The _The Marvelous Land of Oz_ ends with Tip being restored to his rightful
form and status in Oz. The fact that Ozma was a boy is why I said, in Part
2 of my essay, that Little Tib had a reason to refer to the beautiful woman
in his dream (whom I identified as Ozma) as a "king."

I find it quite amusing that the Wizard's final statements seem to conflate
Ozma and Christ. The Wizard says Little Tib reminds him of Tip. Little Tib
is a Christ-like figure (or possibly Christ, see below). Tip becomes/is
Ozma the "ruler of us all" in Oz, just as Christ becomes/is God, the ruler
of us all on earth. (I am adopting the Christian point of view here for the
sake of the argument, although I don't necessarily share it.)
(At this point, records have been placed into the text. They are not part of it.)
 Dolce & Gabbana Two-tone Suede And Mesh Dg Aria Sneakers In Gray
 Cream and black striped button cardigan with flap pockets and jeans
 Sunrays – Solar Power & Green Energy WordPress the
I am not sure what the sound of the beating of big wings is. In _The
Marvelous Land of Oz_, Tip, with the help of the Tin Woodman and the
Scarecrow creates a bizarre flying contraption with big wings made out of
palm fronds to escape from the palace in the Emerald City, which is
besieged by an enemy army. This may be what Wolfe has in mind here, but I
don't have any great confidence in this guess.

I quoted the passage about the chair Little Tib is sitting in after he is
told to wait at the school because it took me a long time to figure it out,
much longer than it probably should have. But now it seems obvious to me
that horrible thing Little Tib is being reminded of, but cannot remember,
is the wooden arms of the cross of the crucifixtion, stretching out on
either side of Jesus. This passage can be interpreted to meant that Little
Tib is remembering being crucified and therefore is Christ come again, but
I don't think this is a necessary interpretation. He may just be almost
remembering what he knows about the crucifixtion.
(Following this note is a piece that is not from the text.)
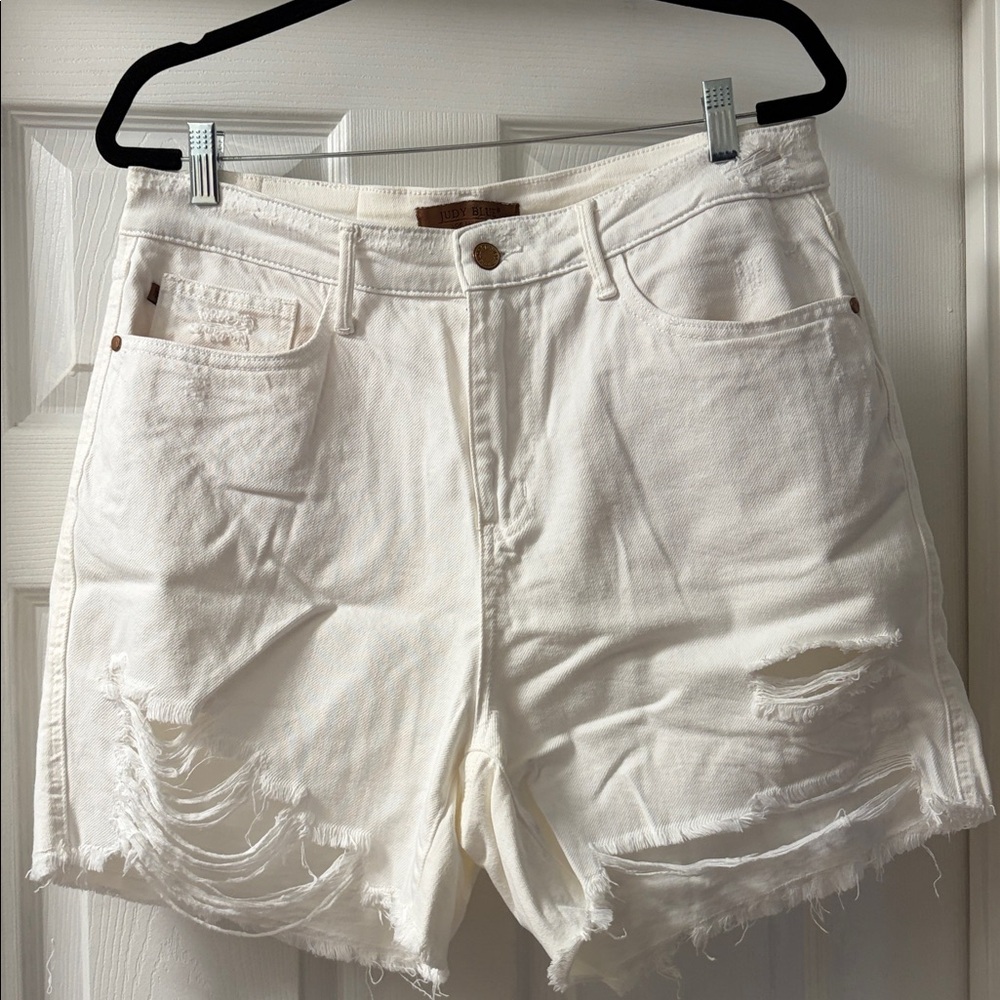 Judy Blue White Distressed Denim Shorts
The little girl who Little Tib sees on the railroad tracks is, of course,
Dorothy Gale, the little Kansas girl who first makes the trip to Oz in a
cyclone in the book _The Wonderful Wizard of Oz_ and, of course, in the
movie _The Wizard of Oz_. But she is not quite Dorothy. She implies that
her name is something else, although I have no idea what it might really
be. She also identifies herself as the girl whose leg Little Tib healed in
the doctor's office, although she doesn't really seem to be that girl,

The final Oz character referred to in _The Eyeflash Miracles_ is the Shaggy
Man. A character with this name first appears in _The Road to Oz_, the
fifth Oz book. He is a hobo Dorothy meets in Kansas, near her Uncle's farm,
when she is trying to find her way home. He and Dorothy become magically
lost and, after many adventures, find their way to Oz, just in time for
Ozma's birthday party. The Shaggy Man appears in most of the Oz books that
follow _The Road to Oz_, at least briefly.

Wolfe breaks the pattern of the story here. Until this point, all of the Oz
characters were in Little Tib's dreams or visions and they had very little,
if any lasting reality in the "real" world of the story. But Nitty is a
real person and he also is identified with an Oz character.
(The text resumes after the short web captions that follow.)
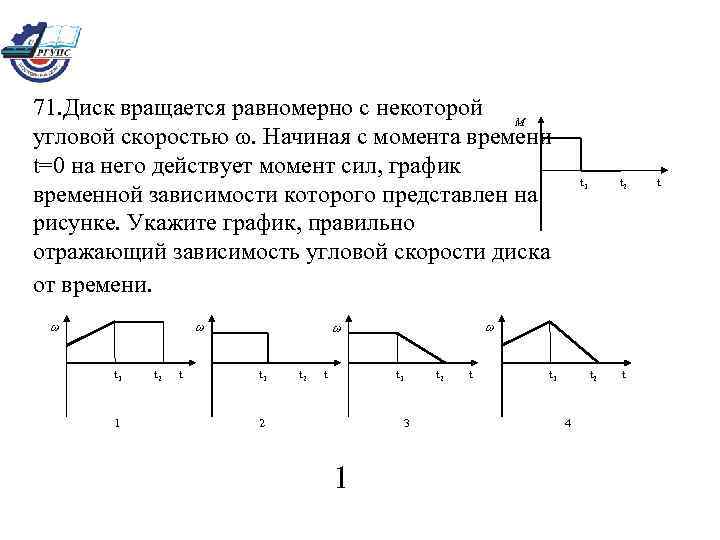 График момента силы от времени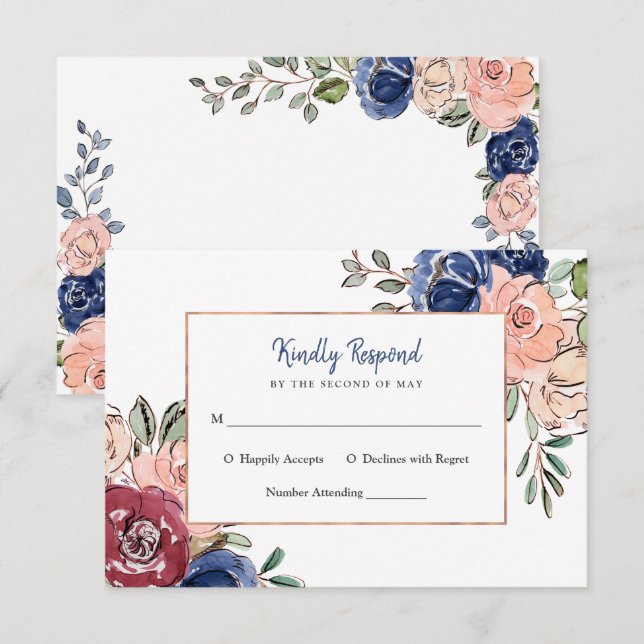 Invitation Rose Pâle et Floral Géométrique Marine | Mariage (Devant / Derrière)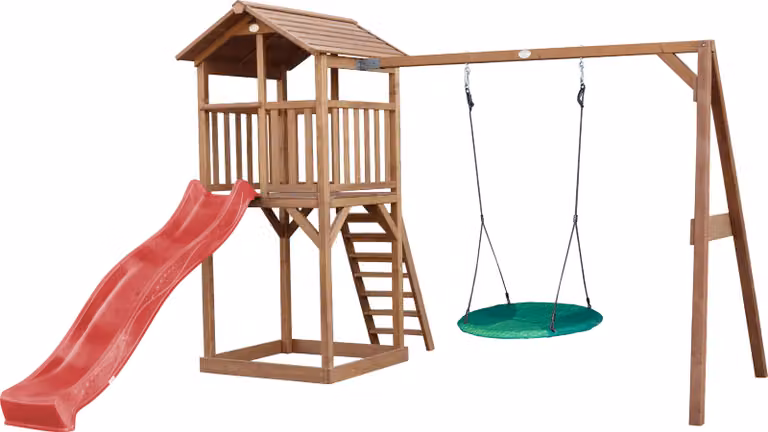 AXI Beach Tower parco giochi in legno in marrone | Torre di gioco per bambini con sabbiera, altalena a nido e scivolo rosso | Casa per bambini su palafitte per il giardino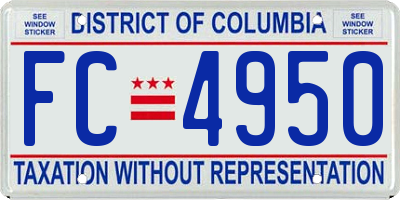 DC license plate FC4950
Wolfe's portrayal, in words and actions, of the Oz characters he refers to
varies. Although the gnomes act pretty much as Baum's nomes would, they
don't talk the way Baum's nomes did. Tik-tok's actions and speech are quite
close to Baum's version although Wolfe does not adapt Baum's annoying
gimmick of putting a hyphen between each syllable of polysyllabic words to
indicate Tik-tok's monotonous way of speaking. It gets ti-re-some ve-ry
quick-ly. Since Wolfe's Cowardly Lion doesn't speak and is only shown
dancing, a comparison with Baum's version is difficult, but they have the
ribbon in the mane in common. The Scarecrow is very well portrayed and is
closer to the version in Baum's books than in the movie. After all, he
mentions that the Wizard has already given him his brains[30]. Considering
how short a time he appears in the story, Wolfe manages very well to
capture the essence of the Tin Woodman as he appears in the movie and
Baum's books too, since his character is quite similar in both. The Wizard
also appears briefly and is well portrayed by Wolfe, matching the Wizard
from Baum's Oz books rather than the movie version. Dorothy isn't quite the
Dorothy of the movie or Baum's books, since she is also somehow the girl
whose leg Little Tib healed, but she doesn't really say or do anything out
of character. The Shaggy Man is a special case, since he is really Nitty,
but since they are both hoboes, there is a certain correspondence there as

I have taken much longer than I intended to finish this essay. (If it can
be called finished; I think it still needs some revision. But I think I
need to call a halt at this point, at least for the moment.) I hope that
anyone who has read this far has gotten some information and enjoyment out
of it.

William Ansley

[27] In this last paragraph I have been doing more interpretation of the
text than before in order to summarize more effectively, since Wolfe leave
many things unsaid. It is not absolutely sure that Little Tib is trying to
work a miraculous change in his father in the scene I describe, nor that
his father is definitely trying to kill him again. But his father is still
trying to justify himself even after his metal mask is removed, which is an
indication that he hasn't really changed.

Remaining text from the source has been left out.